◆ Goal of the exercise
Below is a listing. Quote from it, exactly, the lines from the one containing "獨家牛埔商圈臨15米路大面寬|各業首選黃金店 - Image 6" down to the one containing "CHANEL 21B Gray", both ends included, and nothing else.

◆ Excerpted data
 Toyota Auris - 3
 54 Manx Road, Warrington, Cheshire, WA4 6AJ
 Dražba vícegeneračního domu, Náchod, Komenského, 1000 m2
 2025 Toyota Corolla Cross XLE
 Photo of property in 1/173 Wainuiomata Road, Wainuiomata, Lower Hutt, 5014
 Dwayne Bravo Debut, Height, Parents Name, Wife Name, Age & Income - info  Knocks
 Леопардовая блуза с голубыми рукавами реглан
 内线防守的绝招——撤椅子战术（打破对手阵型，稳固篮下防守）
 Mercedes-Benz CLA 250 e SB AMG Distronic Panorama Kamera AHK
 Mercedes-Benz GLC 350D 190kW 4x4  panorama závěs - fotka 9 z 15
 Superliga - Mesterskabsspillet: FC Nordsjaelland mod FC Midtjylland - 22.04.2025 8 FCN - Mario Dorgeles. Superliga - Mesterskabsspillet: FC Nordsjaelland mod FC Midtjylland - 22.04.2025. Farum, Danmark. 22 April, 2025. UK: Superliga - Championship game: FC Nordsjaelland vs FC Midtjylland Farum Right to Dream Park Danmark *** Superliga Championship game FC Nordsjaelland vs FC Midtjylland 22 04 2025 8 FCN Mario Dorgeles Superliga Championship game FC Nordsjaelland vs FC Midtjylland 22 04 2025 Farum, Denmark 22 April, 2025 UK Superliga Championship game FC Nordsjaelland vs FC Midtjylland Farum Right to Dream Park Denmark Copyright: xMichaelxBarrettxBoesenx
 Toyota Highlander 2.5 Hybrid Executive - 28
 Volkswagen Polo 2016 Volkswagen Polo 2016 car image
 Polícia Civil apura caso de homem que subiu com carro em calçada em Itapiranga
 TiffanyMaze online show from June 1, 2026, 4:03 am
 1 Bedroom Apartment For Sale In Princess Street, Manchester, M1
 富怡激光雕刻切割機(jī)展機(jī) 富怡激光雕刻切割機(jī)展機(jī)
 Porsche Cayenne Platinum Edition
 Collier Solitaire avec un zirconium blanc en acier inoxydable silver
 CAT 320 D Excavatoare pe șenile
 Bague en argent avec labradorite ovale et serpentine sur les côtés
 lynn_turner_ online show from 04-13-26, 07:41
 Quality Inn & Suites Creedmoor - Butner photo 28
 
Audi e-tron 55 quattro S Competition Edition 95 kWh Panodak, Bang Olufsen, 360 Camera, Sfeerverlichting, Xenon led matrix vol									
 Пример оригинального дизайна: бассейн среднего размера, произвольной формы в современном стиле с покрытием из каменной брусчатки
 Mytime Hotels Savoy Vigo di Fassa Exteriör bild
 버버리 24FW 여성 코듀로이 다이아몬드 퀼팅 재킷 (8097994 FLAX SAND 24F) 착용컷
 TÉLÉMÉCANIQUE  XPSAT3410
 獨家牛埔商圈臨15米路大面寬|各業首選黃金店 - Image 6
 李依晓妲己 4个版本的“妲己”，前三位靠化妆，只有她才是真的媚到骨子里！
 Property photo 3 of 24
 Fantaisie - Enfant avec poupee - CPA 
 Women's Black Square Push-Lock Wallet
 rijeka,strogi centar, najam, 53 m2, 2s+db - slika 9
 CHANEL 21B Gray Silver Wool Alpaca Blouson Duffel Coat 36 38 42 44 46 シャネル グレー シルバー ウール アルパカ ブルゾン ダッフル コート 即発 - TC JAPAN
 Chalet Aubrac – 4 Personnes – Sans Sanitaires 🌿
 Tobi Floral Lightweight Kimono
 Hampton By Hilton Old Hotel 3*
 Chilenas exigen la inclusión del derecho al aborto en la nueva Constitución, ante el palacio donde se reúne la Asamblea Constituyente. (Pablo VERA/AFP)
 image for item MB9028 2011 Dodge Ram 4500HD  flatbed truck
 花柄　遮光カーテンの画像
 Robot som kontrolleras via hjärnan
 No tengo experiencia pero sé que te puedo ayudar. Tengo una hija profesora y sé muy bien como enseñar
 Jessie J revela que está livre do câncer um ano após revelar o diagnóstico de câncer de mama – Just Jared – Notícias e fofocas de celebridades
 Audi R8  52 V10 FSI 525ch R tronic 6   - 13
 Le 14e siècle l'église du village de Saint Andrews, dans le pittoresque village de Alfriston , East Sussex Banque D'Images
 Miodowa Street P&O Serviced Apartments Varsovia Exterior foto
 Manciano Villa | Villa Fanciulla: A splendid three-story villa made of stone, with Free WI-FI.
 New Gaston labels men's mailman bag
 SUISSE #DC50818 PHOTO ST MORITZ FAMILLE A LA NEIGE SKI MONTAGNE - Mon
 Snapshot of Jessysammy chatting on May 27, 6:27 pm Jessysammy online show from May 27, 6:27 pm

◆ Exercise response
 獨家牛埔商圈臨15米路大面寬|各業首選黃金店 - Image 6
 李依晓妲己 4个版本的“妲己”，前三位靠化妆，只有她才是真的媚到骨子里！
 Property photo 3 of 24
 Fantaisie - Enfant avec poupee - CPA 
 Women's Black Square Push-Lock Wallet
 rijeka,strogi centar, najam, 53 m2, 2s+db - slika 9
 CHANEL 21B Gray Silver Wool Alpaca Blouson Duffel Coat 36 38 42 44 46 シャネル グレー シルバー ウール アルパカ ブルゾン ダッフル コート 即発 - TC JAPAN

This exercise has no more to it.